All of this spluttering, Harriet Olesen dudgeon is a real hoot when you look at who its main purveyors is.
The compiler of all that (and more) bile against Bill Clinton is none other than the now-all-growed-up, no talent newsroom hottie who did exactly what Monica Lewisnky did to one of the most powerful married men in Washingtoon, D.C., Ben Bradlee.
I'm talking about the aforementioned Sally Fucking (and I do mean fucking) Quinn. It was she, in the Washington Post in the month before I got down there and rubbed against her pals' liver-spotted shoulders, who wrote that now-especially screamingly laughable hit-piece.
A mere twenty years before, she was the young woman chafing her knees on cheap Beltway industrial carpeting for a married D.C. power-broker. She was there during the years-long hell of Watergate, and Wilbur Mills, and the tawdry Elizabeth Ray/Wayne Hays scandal. (Hays had ironically driven Harlem's beloved Rep. Adam Clayton Powell Jr. from Congress on a trumped-up corruption charge almost ten years before) The self-righteous, spastically-clawing debu-cat was there in town when Newt Gingrich cheated on his wife and officially ditched her while she underwent a chemo treatment, and when House Speaker Bob Livingston who so excoriated Clinton over Lewinsky and howled for his resignation would one month later (and I was in town and had a blast when the story broke) have to step down as he was revealed to have macked about while married, too.

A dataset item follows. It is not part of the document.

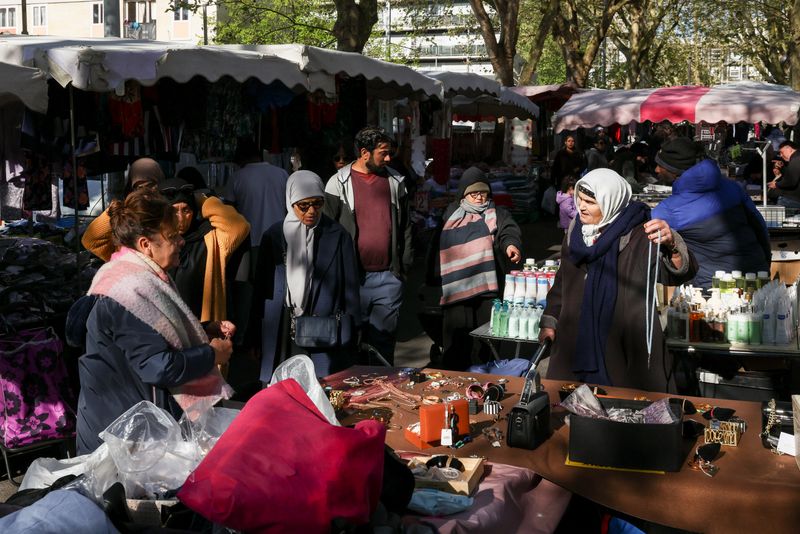 Shoppers browse items in the 800 metre-long Tuesday Market in Sarcelles, which has vendors selling food, clothing, homeware products and handicrafts to cater for Sarcelles' diverse immigrant community in the Paris suburb of Sarcelles, France, April 14, 2026. REUTERS/Tom Nicholson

Quinn was there for all of it, and participated in it, but...as D.C.'s social/power elite was changing generationally, a vacuum was forming. The old guard gate-keepers and party-tossers and society matrons were dying off. Many had been driven into the shadows, uncomfortable with the ostentatious glee they once celebrated in. That new, forced austerity would bounce back a bit under the Reagan/Old Hollywood regime's ascension, but it was the last gasp of that generation. The breech would re-open and into it would step, a new guard, and a new generation. The wives of that new generation would lead the “Village's” return to the Camelot they remembered from old Life and Look clippings and newsreel packages via the fearsome power of the canapé, tiramisu, and mighty champagne-glass pyramid. This “New Power Generation” consisted of society wives like NBC's Andrea Mitchell—the “better” half of Fed chairman Alan Greenspan, Maureen Orth—life-partner of the snippy, pumpkin-headed pundit Tim Russert, Sheri Annis—spouse of the execrable media watchpup Howard Kurtz. And of course...Mrs. Benjamin Crowninshield Bradlee herself—Sally Quinn.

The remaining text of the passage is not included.